Mês passado, li o aclamado livro da jornalista Svetlana Aleksiévitch, vencedora do Prêmio Nobel de Literatura de 2015. Ela nasceu na Ucrânia em 1948, mas viveu boa parte da sua vida na Belarús (ou Bielorrússia). O livro traz depoimentos de pessoas que tiveram suas vidas completamente transformadas pelo acidente nuclear ocorrido em abril de 1986. Em 2016, a editora Companhia das Letras o publicou pela primeira vez no Brasil e eu tenho algumas críticas a fazer a essa edição. Me pareceu que a editora quis pegar carona no hype do Nobel e publicou o livro sem atualizações, o que induz a um raciocínio equivocado por parte dos leitores. A primeira publicação de Vozes de Tchernóbil é de 1997, ou seja, a edição brasileira foi publicada quase 20 anos depois e, de todas as resenhas que assisti no You Tube, nenhuma mencionou isso. Convenhamos que em 20 anos muitas coisas aconteceram, não é mesmo?

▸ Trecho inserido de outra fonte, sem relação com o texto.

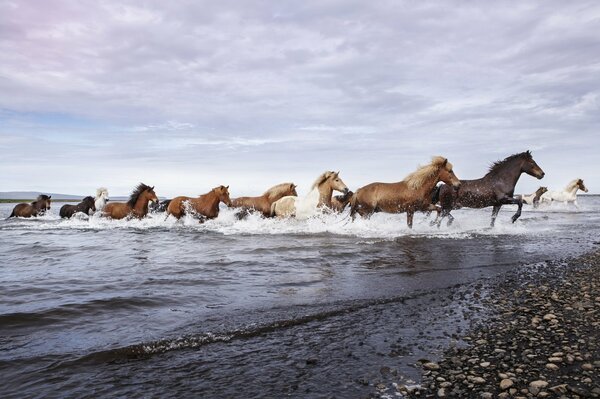 A herd of horses runs out of the water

Provavelmente, muitas pessoas que foram entrevistadas pela autora nem estão mais vivas. A nota histórica que abre o livro está tão desatualizada que se torna completamente desnecessária. O projeto do abrigo para cobrir o reator número 4 citado nessa nota ficou pronto em novembro do ano passado (o vídeo abaixo é um documentário da BBC sobre a construção do abrigo) e não há nenhuma menção sobre isso. Daí em muitas resenhas que assisti as pessoas falam como se o reator estivesse lá abandonado com a mesma cobertura construída às pressas em 1986. A editora simplesmente traduziu o livro do jeitinho que ele foi publicado em 1997 e acrescentou somente o discurso que a autora fez na cerimônia do Prêmio Nobel, em dezembro de 2015. Acho que um livro de não-ficção merece um trabalho mais cuidadoso no que diz respeito a notas mais esclarecedoras e atualizadas.
Outro ponto que reparei nas resenhas que assisti, é que as pessoas não têm muita noção do tamanho de Tchernóbil. A região (não uma cidade como alguns pensam) é enorme e pega uma parte da Ucrânia e uma parte da Belarús. Várias vilas foram evacuadas após o acidente. Na foto que abre o post você vê as placas com os nomes das vilas que foram evacuadas. A Belarús foi bastante afetada porque no dia do acidente o vento soprava para o norte e o país recebeu uma quantidade absurda de fumaça radioativa. Por isso faz todo sentido que Svetlana tenha coletado e reunido os depoimentos em um livro, já que ela é uma dessas testemunhas vivas e Tchernóbil faz parte de sua história.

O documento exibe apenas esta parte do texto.